Les Achromes de Piero Manzoni refusent la couleur. Ils “portent le deuil” du monochrome, comme l’écrit Denys Riout. Le blanc n’est pas ici la synthèse des couleurs, mais le signe de leur absence. L’achromatisme ignore l’infini. Il se cantonne à la littéralité de l’objet pictural, parachevant l’évolution de la peinture vers son autonomisation.

 

La contrainte de la couleur unique permet d’aborder diverses problématiques formelles, notamment le rapport de l’oeuvre à son espace d’exposition. La place du spectateur devient essentielle. Selon la position du regardeur dans la salle, les éléments monochromes jouent et déjouent l’architecture, souvent par des jeux de reflets (Nikolaus Koliusis, Adrian Schiess) ; de nouveaux angles de vue apparaissent, de nouvelles perspectives sont offertes. Plus que regarder la couleur des oeuvres, il s’agit à présent de l’éprouver.

Claude Rutault, par la monochromie, crée un lien entre toile et mur à l’aide de définitions/méthodes qu’il confie à des propriétaires pour adapter l’oeuvre à leurs propres espaces : “Une toile peinte de la même couleur que le mur n’est en rien un dernier tableau de plus, mais bien une ouverture sur un autre fonctionnement et d’autres relations de l’art avec les autres activités humaines”.

 

La monochromie ne s’incarne plus seulement dans le tableau. Les artistes émancipent la couleur unique par des constructions de volumes, des objets : la couleur devient médium (Dominique Figarella, Stephan Gristch) et s’expérimente grâce à la diversité des matériaux contemporains (Matti Braun).

 

La nécessaire gravité du Carré blanc sur fond blanc, indissociable du contexte social et politique qui avait conduit les artistes à oeuvrer pour la naissance d’un monde nouveau, ne doit cependant pas nous faire oublier combien la pratique du monochrome fut, à ses débuts, une arme comique.

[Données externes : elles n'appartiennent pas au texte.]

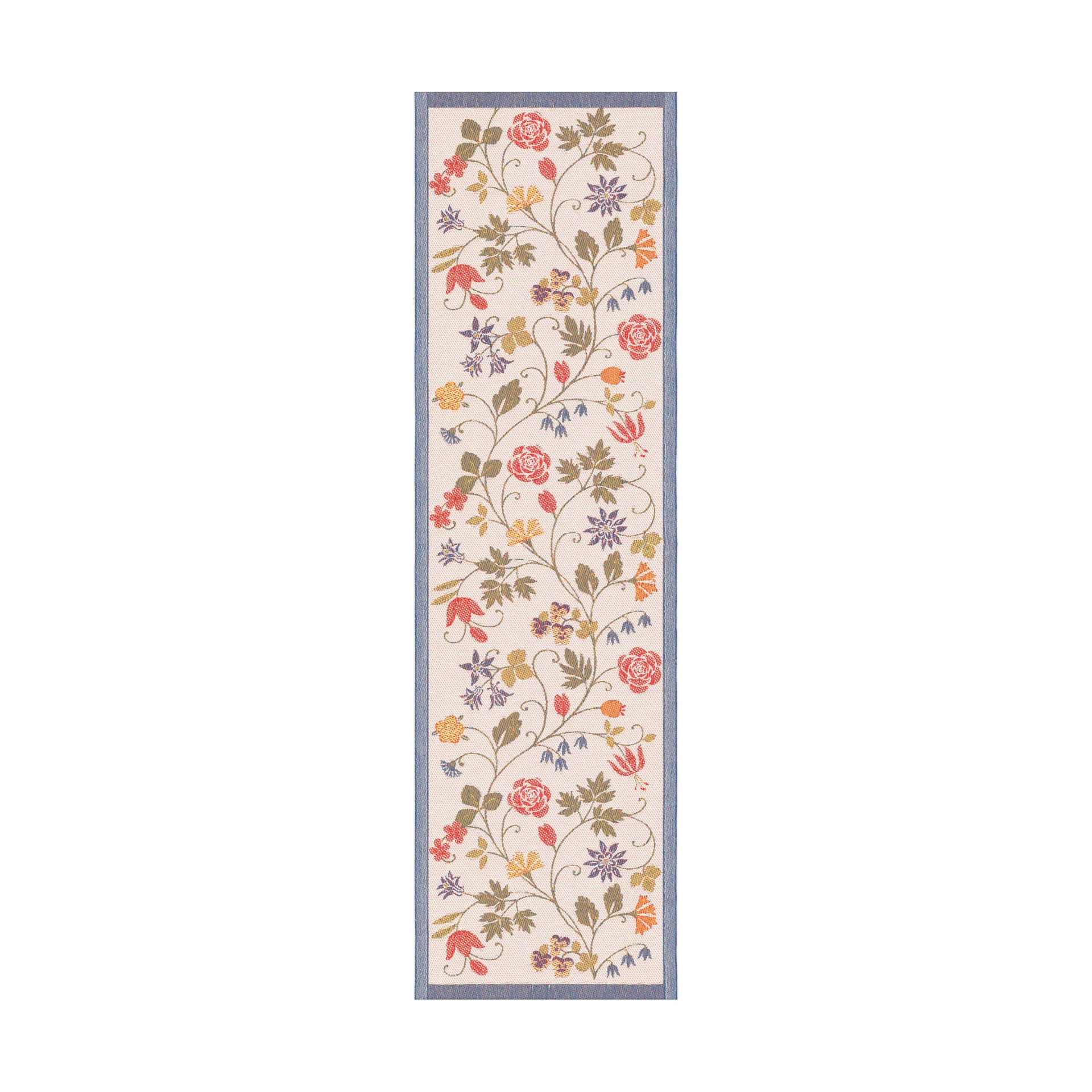Flower table runner 35x120 cm, Multi Ekelund Linneväveri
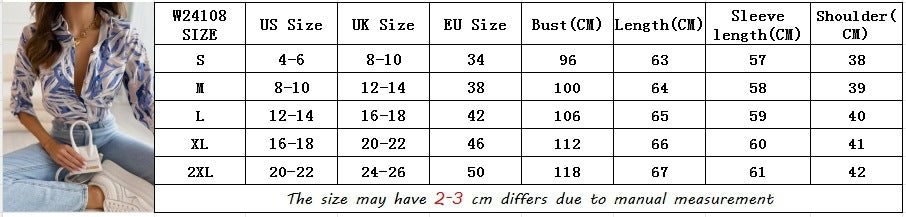 Women's Digital Printed Cardigan Long-sleeved Shirt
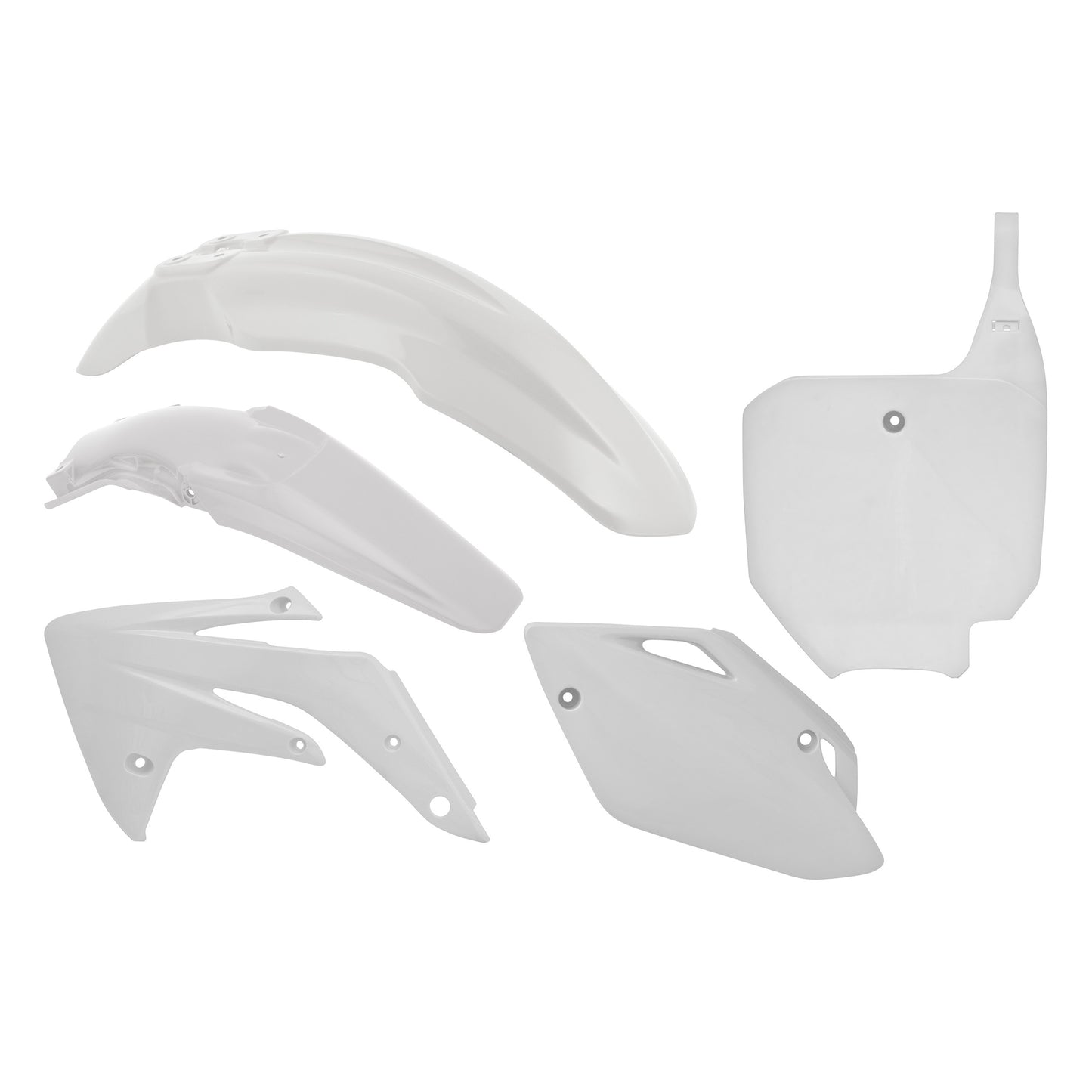 Racetech Plastic Kit CRF150 07-24 (5 pcs) White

Avec les expositions comiques du XIXe siècle, les plaisanteries sur la peinture usent du même système symbolique que leur cible, utilisent son langage et ses formes pour la tourner en dérision. Parmi ces peintures pour rire, les monochromes figurent en bonne place. On se souvient de ceux d’Alphonse Allais, explorant sur un mode burlesque les différentes valeurs du spectre chromatique.

Le monochrome fictif est alors l’un des symptômes de la crise du monde de l’art. De cette origine comique, qui utilise la parodie comme stratégie critique, les oeuvres de nombreux artistes contemporains conservent l’empreinte.

La relecture “pop”, proposée par John M. Armleder, du Carré blanc sur fond blanc comme objet de décoration, confirme la position d’archétype de l’icône suprématiste. Les 1000 tableaux chinois de Raphaël Julliard élargissent le champ de la critique au marché de l’art et à la globalisation, qui touche tous les domaines de notre vie. Dans un monde où l’individu disparaît au profit du système, l’artiste s’efface pour ne laisser que son concept. En faisant signer les oeuvres par les ouvriers qui les ont produites, il leur permet de laisser une trace personnelle dans une production de masse.